Recently, the Governmental Accounting Standards Board (GASB) changed its approach with regard to pension reporting and moved from one that served both the purposes of accounting/financial reporting and funding to one related solely to accounting/financial reporting.   As a result, GAAP will no longer require that employers calculate and disclose an ARC in their financial reports starting with fiscal years ending on or after June 30, 2014. Likewise, the parameters (e.g., actuarial cost method, asset smoothing, and amortization) that have standardized how an ARC is calculated have been eliminated from GAAP. In the absence of ARC disclosures, it will be difficult for stakeholders, including policy-makers, employees and the public to determine whether obligations are being appropriately funded.  Consequently, there is a pressing need for widely recognized, standardized guidelines as to what constitutes a sound funding plan for a state or local government employer that offers defined benefit pensions. The GFOA and ten other national associations2 representing state and local governments and retirement systems developed a set of pension funding guidelines to meet this need.3 The following recommendation is a practical application of those guidelines.

Recommendation. The Government Finance Officers Association (GFOA) recommends that every state and local government that offers defined benefit pensions formally adopt a funding policy that provides reasonable assurance that the cost of those benefits will be funded in an equitable and sustainable manner. Such a funding policy should incorporate each of the following principles and objectives:

  1. Every government employer that offers defined benefit pensions should continue to obtain no less than biennially an actuarially determined contribution (ADC) to serve as the basis for its contributions;
  2. The ADC should be calculated in a manner that fully funds the long-term costs of promised benefits, while balancing the goals of 1) keeping contributions relatively stable and 2) equitably allocating the costs over the employees’ period of active service; 
  3. Every government employer that offers defined benefit pensions should make a commitment to fund the full amount of the ADC each period. For some  government employers, a reasonable transition period will be necessary before this objective can be accomplished;
  4. Every government employer that offers defined benefit pensions should demonstrate accountability and transparency by communicating all of the information necessary for assessing the government’s progress toward meeting its pension funding objectives.

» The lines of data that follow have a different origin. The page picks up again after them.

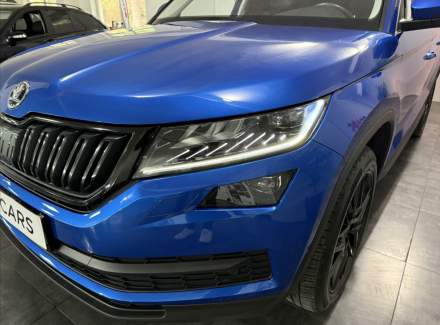 Škoda - Kodiaq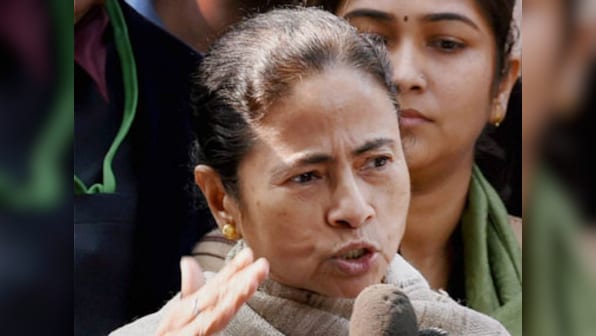 Demonetisation: Mamata Banerjee leads protest march to Rashtrapati Bhavan against currency ban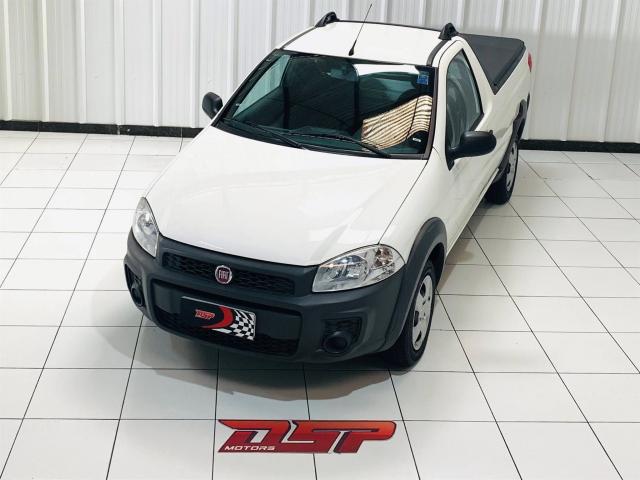 STRADA 2018/2019 1.4 MPI HARD WORKING CS 8V FLEX 2P MANUAL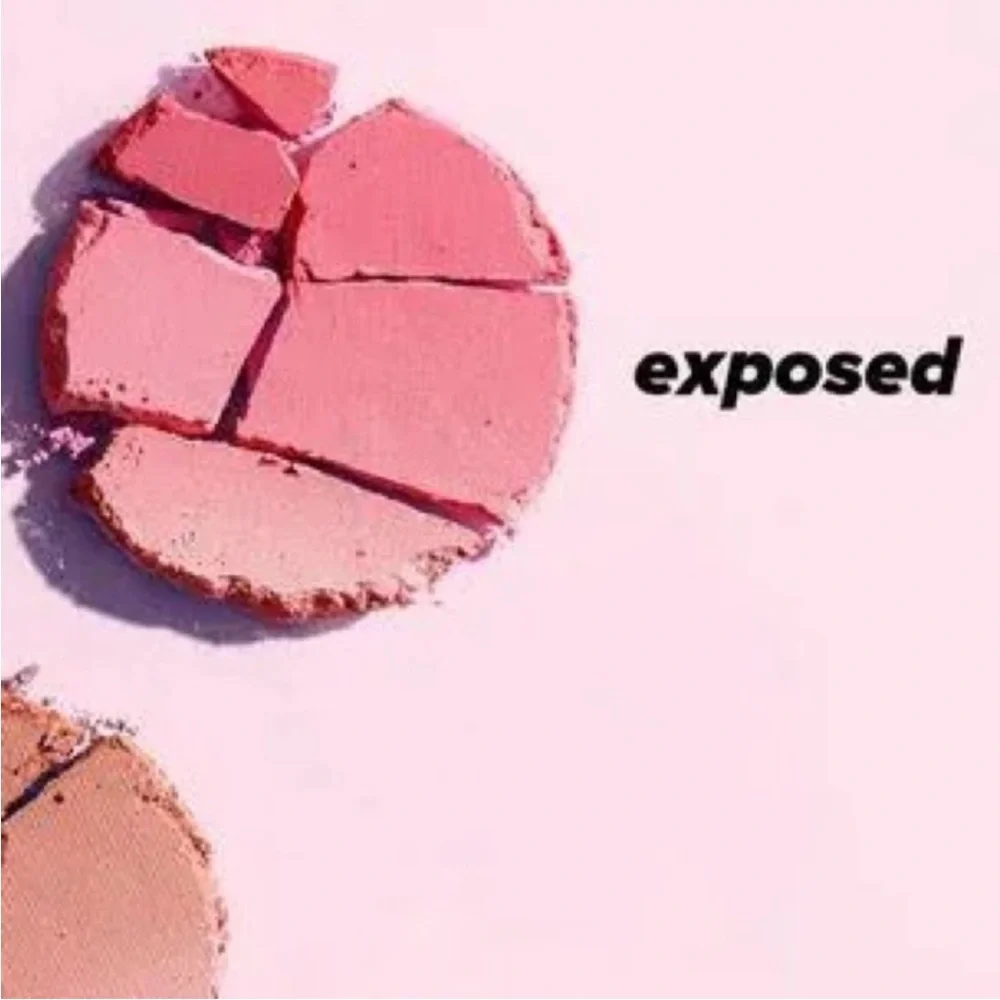 Lottie London Ombré blush in exposed - Picture 11 of 11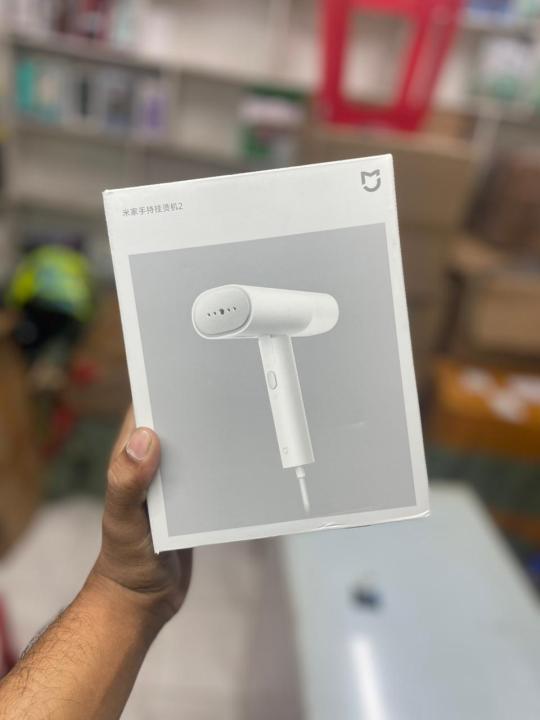 Xiaomi%20%20Steamer%20Iron%202%20Mini%20Generator%20Travel%20Household%20Electric%20Garment%20Cleaner%20-%20White%20-%20Image%202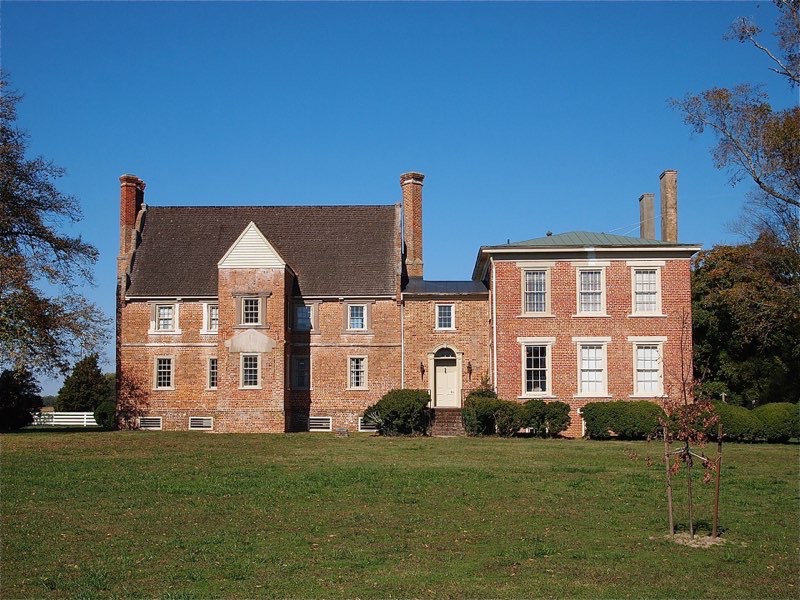 Bacon Castle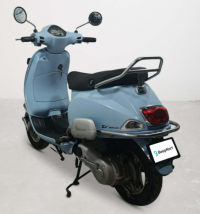 Vespa ZX 125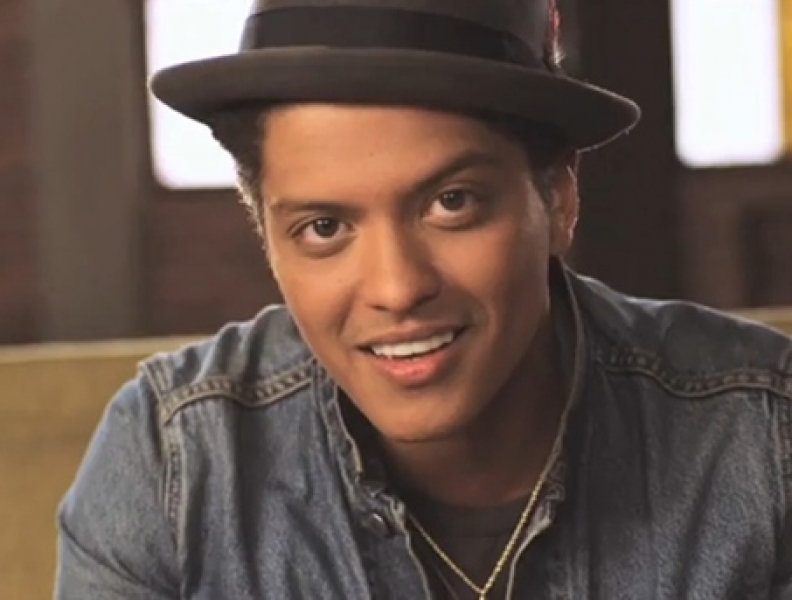 Bruno Mars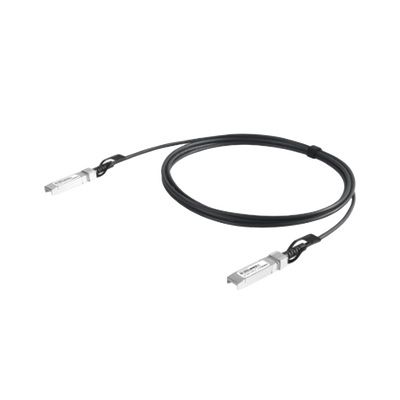 Cable DAC SFP & SFP+ de 1&10 Gbps a 1&10 Gbps / Passive Direct Attach Copper Twinax Cable / Longitud: 1 metro | LP-DAC-1/10G-1M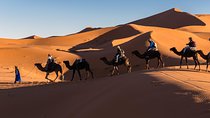 3 days to explore the sahara desert of Merzouga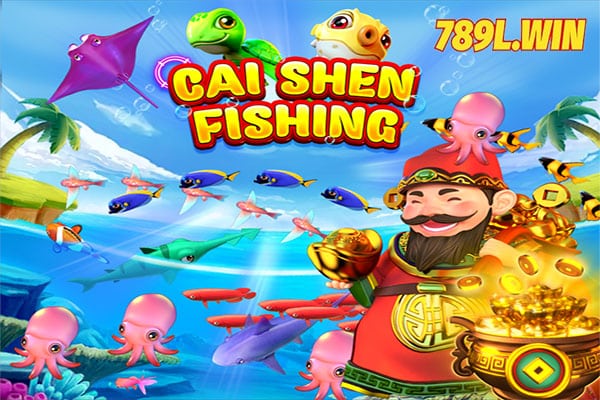 789WIN - Gods Slash Fish Săn Cá Thần Tài?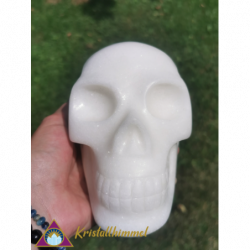 MARBLE SKULL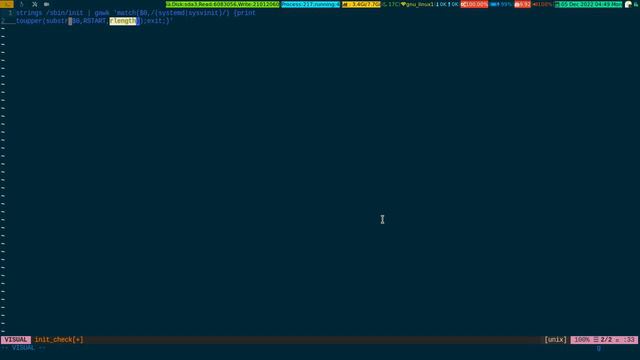 Find Out Which Init System You Are On Programmatically 2022_12_05 04:44:54 смотреть онлайн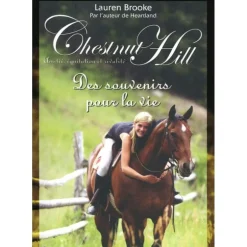 Chestnut Hill Tome 8 : Des souvenirs pour la vie - Pocket Jeunesse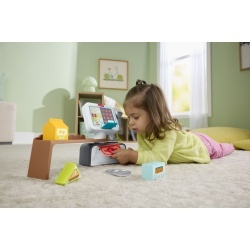 FISHER PRICE LAUGH LEARN CASA DE MARCAT SI MAGAZIN - Img 7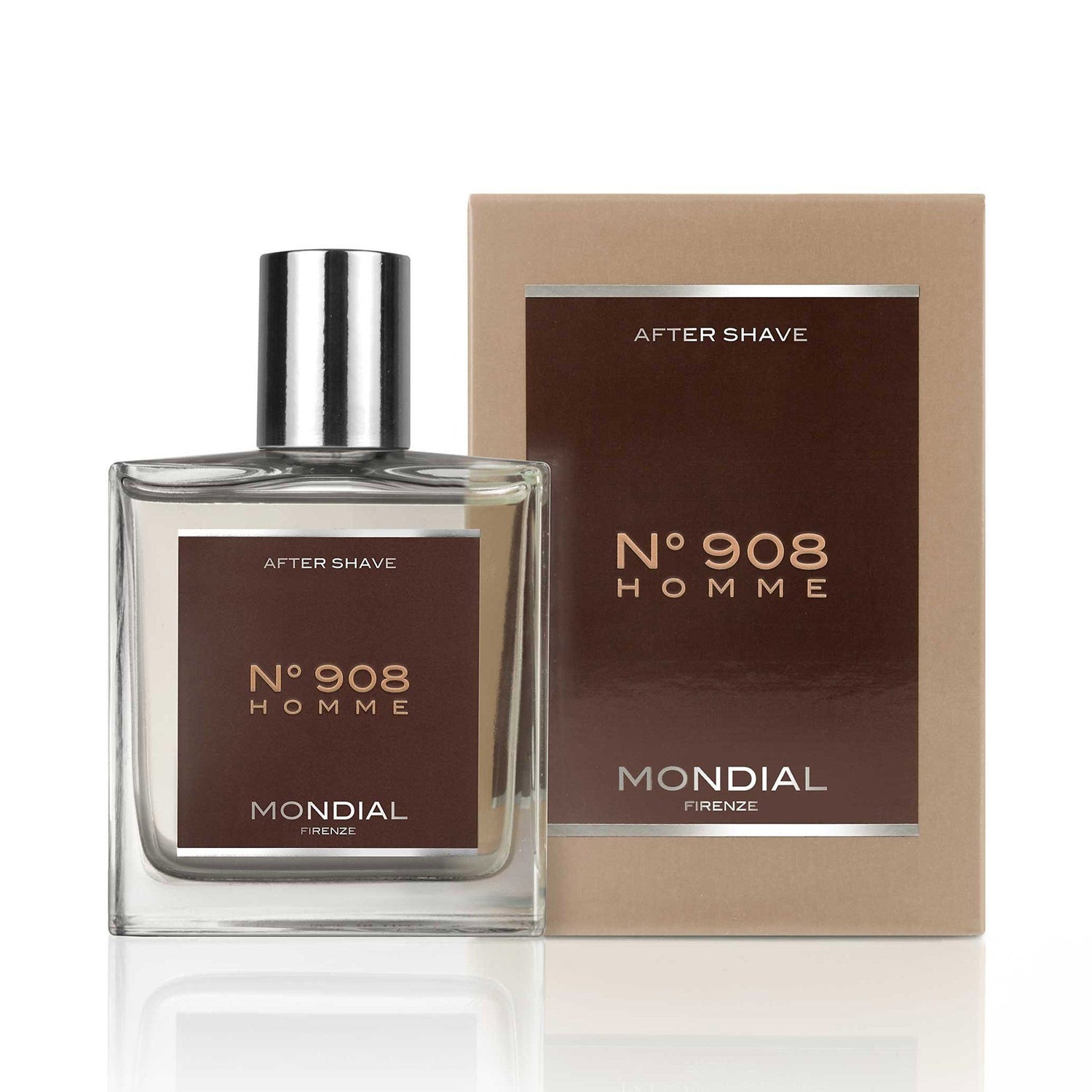 Mondial Homme Luxury After Shave Lotion Aftershave Mondial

The GFOA intends to develop additional best practices that will provide specific guidance on the practical application of these principles and objectives to each of the three core elements of a comprehensive pension funding policy: actuarial cost method, asset smoothing, and amortization.

Notes

1 The new GASB standards no longer use the term “annual required contribution,” or (ARC).  Instead, the new standards refer to the disclosure of an “actuarially determined contribution” (ADC).

2 The other ten national organizations include:  National Governors Association, National Conference of State Legislatures, Council of State Governments, National Association of Counties, National League of Cities, U.S. Conference of Mayors, International City/County Management Association), the National Association of State Auditors, Comptrollers and Treasurers, the National Association of State Retirement Administrators, and the National Council on Teacher Retirement. The Center for State and Local Government Excellence is convening this task force.
3 The GFOA Executive Board passed a resolution expressing the GFOA’s support for the pension funding guidelines developed by the GFOA and nine other national associations.  The resolution can be found at: http://www.gfoa.org/index.php?option=com_content&task=view&id=2539

Approved by the GFOA’s Executive Board, February 2013.